The DisMax Query Parser

The DisMax query parser is designed to process simple phrases (without complex syntax) entered by users and to search for individual terms across several fields using different weighting (boosts) based on the significance of each field. Additional options enable users to influence the score based on rules specific to each use case (independent of user input).

In general, the DisMax query parser’s interface is more like that of Google than the interface of the 'standard' Solr request handler. This similarity makes DisMax the appropriate query parser for many consumer applications. It accepts a simple syntax, and it rarely produces error messages.

The DisMax query parser supports an extremely simplified subset of the Lucene QueryParser syntax. As in Lucene, quotes can be used to group phrases, and +/- can be used to denote mandatory and optional clauses. All other Lucene query parser special characters (except AND and OR) are escaped to simplify the user experience. The DisMax query parser takes responsibility for building a good query from the user’s input using Boolean clauses containing DisMax queries across fields and boosts specified by the user. It also lets the Solr administrator provide additional boosting queries, boosting functions, and filtering queries to artificially affect the outcome of all searches. These options can all be specified as default parameters for the handler in the solrconfig.xml file or overridden in the Solr query URL.

Interested in the technical concept behind the DisMax name? DisMax stands for Maximum Disjunction. Here’s a definition of a Maximum Disjunction or "DisMax" query:

A query that generates the union of documents produced by its subqueries, and that scores each document with the maximum score for that document as produced by any subquery, plus a tie breaking increment for any additional matching subqueries.

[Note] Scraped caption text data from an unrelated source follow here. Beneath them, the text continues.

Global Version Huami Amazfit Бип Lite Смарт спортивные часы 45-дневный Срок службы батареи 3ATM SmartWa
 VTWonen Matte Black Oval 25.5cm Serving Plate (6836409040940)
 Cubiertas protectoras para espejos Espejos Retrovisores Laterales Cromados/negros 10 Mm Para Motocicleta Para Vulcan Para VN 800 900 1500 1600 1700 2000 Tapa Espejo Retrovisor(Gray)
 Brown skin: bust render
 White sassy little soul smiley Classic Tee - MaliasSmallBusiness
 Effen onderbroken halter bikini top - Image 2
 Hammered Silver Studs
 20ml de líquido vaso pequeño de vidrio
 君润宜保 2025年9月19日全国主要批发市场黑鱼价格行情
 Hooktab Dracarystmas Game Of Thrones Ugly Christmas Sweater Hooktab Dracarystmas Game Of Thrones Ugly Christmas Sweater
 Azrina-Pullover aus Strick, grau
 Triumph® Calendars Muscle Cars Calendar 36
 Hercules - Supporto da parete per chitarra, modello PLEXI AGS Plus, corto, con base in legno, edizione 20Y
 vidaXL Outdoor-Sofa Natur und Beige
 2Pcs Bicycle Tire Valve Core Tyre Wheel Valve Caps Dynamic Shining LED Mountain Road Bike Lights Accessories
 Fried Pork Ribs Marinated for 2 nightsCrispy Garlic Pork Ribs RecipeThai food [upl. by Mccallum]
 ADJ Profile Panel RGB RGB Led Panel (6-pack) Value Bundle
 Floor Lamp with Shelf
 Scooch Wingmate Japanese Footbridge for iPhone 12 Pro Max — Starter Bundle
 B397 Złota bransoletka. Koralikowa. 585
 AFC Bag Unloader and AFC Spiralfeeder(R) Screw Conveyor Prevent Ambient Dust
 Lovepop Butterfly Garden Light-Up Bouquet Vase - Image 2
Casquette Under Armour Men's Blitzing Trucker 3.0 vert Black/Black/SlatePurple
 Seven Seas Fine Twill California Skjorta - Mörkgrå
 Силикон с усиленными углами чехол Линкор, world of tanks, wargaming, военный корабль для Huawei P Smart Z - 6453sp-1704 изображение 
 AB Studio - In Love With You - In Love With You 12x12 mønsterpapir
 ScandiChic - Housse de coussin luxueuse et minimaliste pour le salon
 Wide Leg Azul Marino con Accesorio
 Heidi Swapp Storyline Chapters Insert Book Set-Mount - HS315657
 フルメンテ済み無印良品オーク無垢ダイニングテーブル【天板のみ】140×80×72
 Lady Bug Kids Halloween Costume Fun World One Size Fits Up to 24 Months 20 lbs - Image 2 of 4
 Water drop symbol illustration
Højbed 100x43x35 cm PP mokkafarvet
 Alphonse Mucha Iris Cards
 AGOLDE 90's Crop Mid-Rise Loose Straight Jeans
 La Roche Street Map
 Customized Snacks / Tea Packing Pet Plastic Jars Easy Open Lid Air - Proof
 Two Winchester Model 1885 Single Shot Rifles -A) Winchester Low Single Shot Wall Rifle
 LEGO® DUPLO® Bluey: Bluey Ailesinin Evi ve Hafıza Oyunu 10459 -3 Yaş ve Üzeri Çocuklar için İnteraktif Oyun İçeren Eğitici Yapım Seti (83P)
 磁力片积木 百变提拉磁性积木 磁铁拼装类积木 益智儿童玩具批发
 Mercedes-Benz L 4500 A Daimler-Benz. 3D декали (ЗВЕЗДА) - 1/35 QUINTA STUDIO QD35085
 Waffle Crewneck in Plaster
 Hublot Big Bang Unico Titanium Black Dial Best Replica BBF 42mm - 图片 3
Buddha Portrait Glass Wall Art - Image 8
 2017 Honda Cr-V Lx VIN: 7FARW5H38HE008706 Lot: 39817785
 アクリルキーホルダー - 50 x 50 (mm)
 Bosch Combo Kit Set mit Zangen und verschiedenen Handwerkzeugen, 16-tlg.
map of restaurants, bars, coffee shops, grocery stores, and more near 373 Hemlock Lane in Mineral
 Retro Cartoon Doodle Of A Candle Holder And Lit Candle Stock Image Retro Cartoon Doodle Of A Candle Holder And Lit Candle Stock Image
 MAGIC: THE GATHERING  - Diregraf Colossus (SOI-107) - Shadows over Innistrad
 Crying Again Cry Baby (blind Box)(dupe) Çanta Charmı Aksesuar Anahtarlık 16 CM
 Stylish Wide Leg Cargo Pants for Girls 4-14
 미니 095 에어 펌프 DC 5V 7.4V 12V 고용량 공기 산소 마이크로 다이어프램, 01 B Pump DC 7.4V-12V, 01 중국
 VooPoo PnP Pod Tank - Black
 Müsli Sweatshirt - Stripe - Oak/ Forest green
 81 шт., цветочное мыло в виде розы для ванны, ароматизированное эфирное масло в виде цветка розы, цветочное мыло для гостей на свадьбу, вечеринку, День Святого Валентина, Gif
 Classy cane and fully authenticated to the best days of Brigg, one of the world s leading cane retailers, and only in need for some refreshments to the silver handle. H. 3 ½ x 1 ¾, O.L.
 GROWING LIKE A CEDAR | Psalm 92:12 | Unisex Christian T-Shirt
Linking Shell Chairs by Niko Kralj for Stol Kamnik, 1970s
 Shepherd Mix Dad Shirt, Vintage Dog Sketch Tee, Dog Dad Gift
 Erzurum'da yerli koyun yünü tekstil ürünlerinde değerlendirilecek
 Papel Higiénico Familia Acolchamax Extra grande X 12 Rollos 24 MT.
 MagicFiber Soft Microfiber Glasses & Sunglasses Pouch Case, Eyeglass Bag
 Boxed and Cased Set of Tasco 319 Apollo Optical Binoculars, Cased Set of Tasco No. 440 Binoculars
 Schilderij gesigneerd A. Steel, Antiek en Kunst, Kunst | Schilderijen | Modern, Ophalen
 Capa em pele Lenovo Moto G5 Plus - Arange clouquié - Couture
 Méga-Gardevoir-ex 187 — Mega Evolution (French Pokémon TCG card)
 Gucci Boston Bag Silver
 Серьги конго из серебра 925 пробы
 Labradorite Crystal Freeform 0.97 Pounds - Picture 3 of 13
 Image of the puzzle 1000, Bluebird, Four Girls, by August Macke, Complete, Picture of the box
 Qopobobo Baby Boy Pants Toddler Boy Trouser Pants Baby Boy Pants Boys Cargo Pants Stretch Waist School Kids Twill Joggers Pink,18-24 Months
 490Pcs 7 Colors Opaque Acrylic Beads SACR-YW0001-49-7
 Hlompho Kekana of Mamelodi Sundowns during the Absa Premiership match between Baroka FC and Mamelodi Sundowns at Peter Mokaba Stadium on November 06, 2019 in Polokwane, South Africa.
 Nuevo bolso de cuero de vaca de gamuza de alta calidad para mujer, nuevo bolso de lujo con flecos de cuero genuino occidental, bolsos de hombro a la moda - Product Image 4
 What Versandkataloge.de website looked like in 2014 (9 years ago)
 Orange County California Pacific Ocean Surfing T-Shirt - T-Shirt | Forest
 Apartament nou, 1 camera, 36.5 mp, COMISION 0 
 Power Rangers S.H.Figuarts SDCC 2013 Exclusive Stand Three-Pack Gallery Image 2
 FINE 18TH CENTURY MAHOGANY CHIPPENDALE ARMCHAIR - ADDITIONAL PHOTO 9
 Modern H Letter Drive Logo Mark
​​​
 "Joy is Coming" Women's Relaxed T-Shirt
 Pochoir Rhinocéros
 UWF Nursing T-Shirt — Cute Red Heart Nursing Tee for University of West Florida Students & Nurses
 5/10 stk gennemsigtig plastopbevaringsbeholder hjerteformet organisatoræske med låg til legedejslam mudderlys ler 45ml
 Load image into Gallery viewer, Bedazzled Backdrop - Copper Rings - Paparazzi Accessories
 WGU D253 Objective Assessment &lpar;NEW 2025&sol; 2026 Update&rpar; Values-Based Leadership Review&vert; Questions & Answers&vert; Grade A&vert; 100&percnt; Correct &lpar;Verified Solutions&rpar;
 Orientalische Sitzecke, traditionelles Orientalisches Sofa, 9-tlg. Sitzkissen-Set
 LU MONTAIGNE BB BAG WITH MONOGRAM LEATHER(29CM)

Whether or not you remember this explanation, do remember that the DisMax Query Parser was primarily designed to be easy to use and to accept almost any input without returning an error.

DisMax Parameters

In addition to the common request parameter, highlighting parameters, and simple facet parameters, the DisMax query parser supports the parameters described below. Like the standard query parser, the DisMax query parser allows default parameter values to be specified in solrconfig.xml, or overridden by query-time values in the request.

Parameter Description

q

Defines the raw input strings for the query.

q.alt

Calls the standard query parser and defines query input strings, when the q parameter is not used.

qf

Query Fields: specifies the fields in the index on which to perform the query. If absent, defaults to df.

mm

Minimum "Should" Match: specifies a minimum number of clauses that must match in a query. If no 'mm' parameter is specified in the query, or as a default in solrconfig.xml, the effective value of the q.op parameter (either in the query, as a default in solrconfig.xml, or from the defaultOperator option in the Schema) is used to influence the behavior. If q.op is effectively AND’ed, then mm=100%; if q.op is OR’ed, then mm=1. Users who want to force the legacy behavior should set a default value for the 'mm' parameter in their solrconfig.xml file. Users should add this as a configured default for their request handlers. This parameter tolerates miscellaneous white spaces in expressions (e.g., " 3 < -25% 10 < -3\n", " \n-25%\n ", " \n3\n ").

pf

Phrase Fields: boosts the score of documents in cases where all of the terms in the q parameter appear in close proximity.

ps

Phrase Slop: specifies the number of positions two terms can be apart in order to match the specified phrase.

qs

Query Phrase Slop: specifies the number of positions two terms can be apart in order to match the specified phrase. Used specifically with the qf parameter.

tie

Tie Breaker: specifies a float value (which should be something much less than 1) to use as tiebreaker in DisMax queries. Default: 0.0

bq

Boost Query: specifies a factor by which a term or phrase should be "boosted" in importance when considering a match.

bf

Boost Functions: specifies functions to be applied to boosts. (See for details about function queries.)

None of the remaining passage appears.